Stoßkissen-Training zuhauf

Unverzichtbar waren dabei die Stoßkissen, fünf elektronische und sechs mechanische. „Ich habe noch nie in meinem Leben so viel auf Stoßkissen geübt und üben lassen wie in diesem Jahr“, erzählt Petri schmunzelnd, der die VTZ-Abteilung schon seit 1977 führt. „Wir haben versucht, ein bisschen Wettkampf zu simulieren, indem bestimmte verschiedenfarbige Punkte zu treffen waren. Das macht Spaß, kann aber einen Wettkampf mit Gegner nicht ersetzen.“ Seit Montag vergangener Woche ist selbst damit wieder Schluss.

Besonders weh tut Petri, dass er nach dem Ausfall des Kassendienstes am Turnerjahrmarkt, der Absage des Spiel-und Grillfestes und der beiden Turniere nun auch alle weiteren VTZ-Termine vor Weihnachten absagen musste: die Gaumeisterschaften samt Erzeuger-Cup am 29. November und auch die Weihnachtsfeier am 18. Dezember. „Allein bei der Feier waren im vergangenen Jahr rund 80 Mitglieder“, bedauert er. Negativ ausgewirkt hat sich die Krise hier indes nicht: „Es ist eigentlich bekloppt. Wir haben keinen Schwund an Mitgliedern, es sind sogar einige Mini-Fechter dazu gekommen. Wir pendeln so um die 100 Mitglieder“, sagt er.

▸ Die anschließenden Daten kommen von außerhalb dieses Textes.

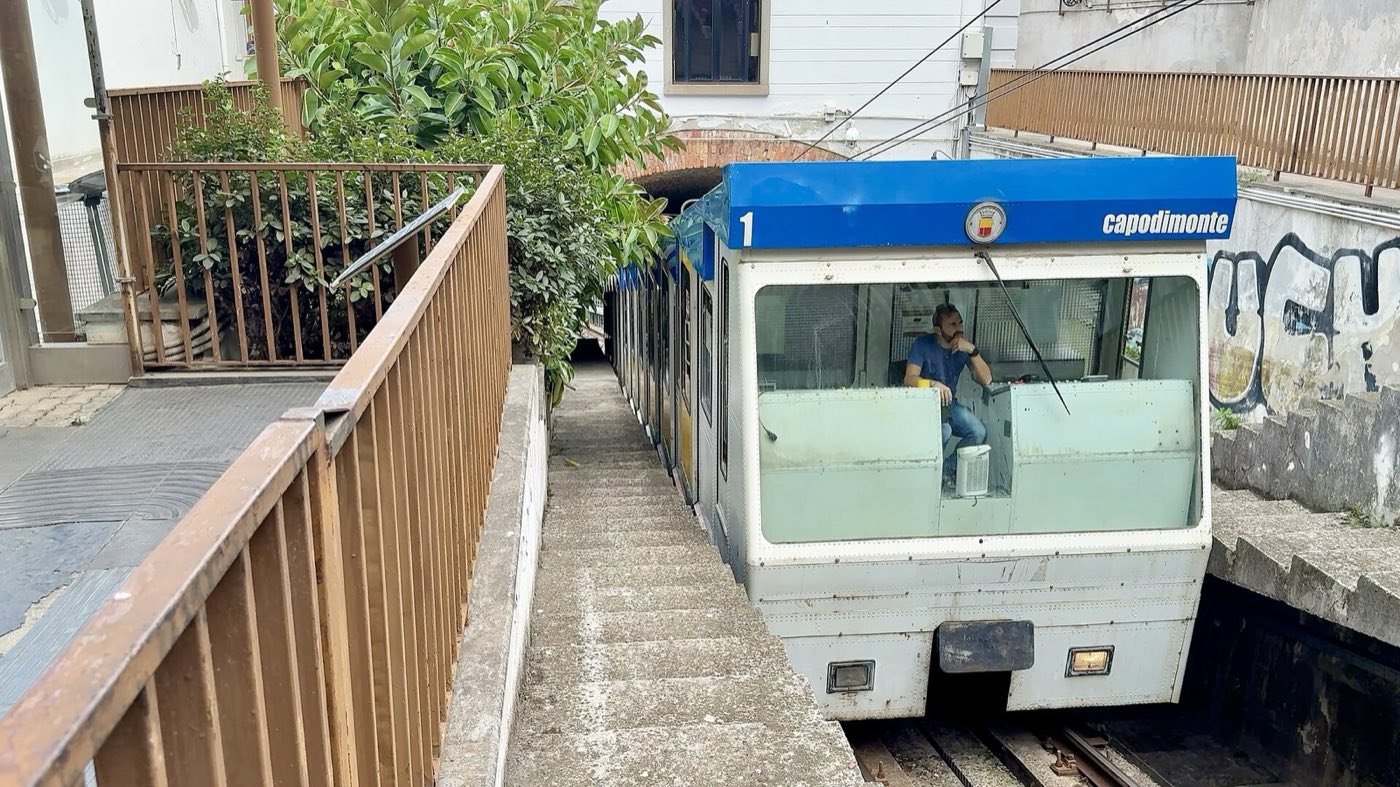 A Naples funicular car climbing the hillside track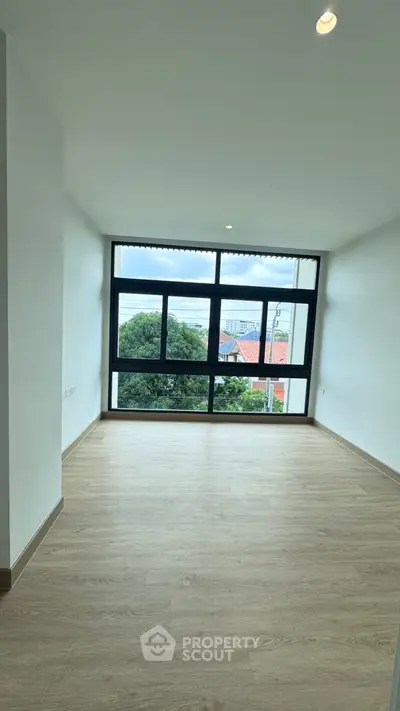 Spacious room with large window offering stunning views and natural light.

Turniere 2021 sind reserviert

Wie geht’s nun weiter? „Puh, das kann ich wirklich nicht sagen. Ich schaue zwar jeden Tag in den Wettkampfkalender, aber da steht noch kaum was drin.“ Er würde sich freuen, wenn er mit seinen Fechtern im Dezember wenigstens wieder mit dem Training loslegen kann. „Ehrlich gesagt, kann ich mir aber nicht vorstellen, dass es so kommt“, meint er. Das Prinzip heißt also Hoffnung: einmal, dass im Dezember oder Januar im Training das Weihnachtsturnier um die Wanderpokale und Petri- Schwerter für alle Jugendlichen durchgeführt werden kann. Und für das Jahr 2021 hat Volker Petri vorsorglich schon mal die gegenüber der Mannlich-Halle größere Ignaz-Roth-Halle für das Heinrich-Petri-Gedächtnisturnier (11./12. September) und die Südwestmeisterschaften der Aktiven (13./14. November) reserviert.